Many people appreciate a good light show, but probably not as much as the astronomers who recently spied a rare cosmological treat.
On August 24, telescopes at the Palomar Observatory in southern California captured a white dwarf star just 21 million light-years away — the next state over, astronomically — as it went supernova, exploding in a blaze of light. Scientists involved in the Palomar Transient Factory sky survey raced to record the detonation’s early death throes.
“We think we found it probably 12 hours after it exploded,” says astronomer Mark Sullivan of the University of Oxford in England. “The amazing thing for me is, that supernova exploded 21 million years ago. It’s taken light 21 million years to arrive. And we just happened to open up the telescope on that Wednesday night, and in came the photons.”
Located in the Pinwheel Galaxy (officially labeled M101), the new supernova is the type that astronomers designate as 1a. Seeing a type 1a supernova so soon after birth and so close by is a rarity.
“Saying it’s ‘once in a generation’ is very true,” says astronomer Peter Nugent of Lawrence Berkeley National Laboratory. In the last four decades, Nugent notes, astronomers know of only three supernovas that have gone off at this distance or closer, — and just one, observed in 1972, was a type 1a. Only supernova 1987a, a peculiar type 2 or core-collapse supernova, was detected soon after exploding.
In the days after the new stellar outburst, the Hubble Space Telescope turned to peer at the brightening spot, located near a kink in the Big Dipper’s handle. The star, called PTF 11kly, is still getting brighter. Scientists think it will reach peak brightness during the second week of September, when a good pair of binoculars on a dark night could reveal the object to the casual observer.
Type 1a supernovas occur when white dwarf stars gain a bit of weight, probably from material shed by a companion star. When the tiny white dwarf exceeds about 1.4 times the mass of the sun, a runaway thermonuclear reaction ignites and the star violently combusts, producing a bright cosmic pockmark.
Because the starting mass of type 1a supernovas is so uniform, these explosions reach predictable peak luminosities. Astronomers use these supernovas to measure relative extragalactic distances and the universe’s expansion rate.
Catching one of these explosions so early will help scientists understand more about the parent star’s composition and how supernovas evolve in different galaxies, or with different starting ingredients.
Scientists are looking through archival Hubble Space Telescope images hoping to spot the now-destroyed white dwarf and any companion star that may have fed it until it burst. And they will continue to observe the object for years, until only the dregs remain. Of course, it’s all dust and gas now, since astronomers are glimpsing a 21-million-year-old event.
“It’s probably evacuated out a little hole in the gas,” Nugent says. “All of its material has been flung off. It’s perhaps started the process of collapsing to form new stars, depending on the local environment, and you have blobs of things like calcium and silicon and iron flying around.”

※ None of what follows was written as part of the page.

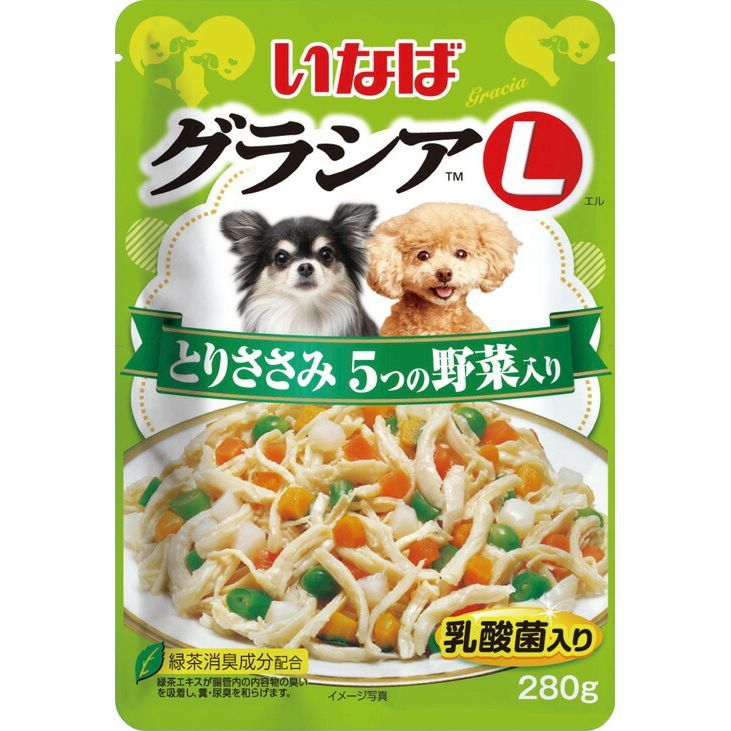 （まとめ買い）いなばペットフード グラシアL とりささみ 5つの野菜入り 280g GL-41 【×16】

Back Story – WHITE DWARF’S DEMISE
A stellar explosion observed last month, designated PTF 11kly, is what astronomers call a type 1a supernova. Supernovas of this type occur after a white dwarf star, typically not much heavier than the sun, adds enough material to exceed about 1.4 times the sun’s mass. One likely scenario for acquiring the extra mass is siphoning it from a nearby star (left). Once the mass limit is exceeded, the white dwarf ignites in a thermonuclear explosion (center), leaving behind nothing but debris (right).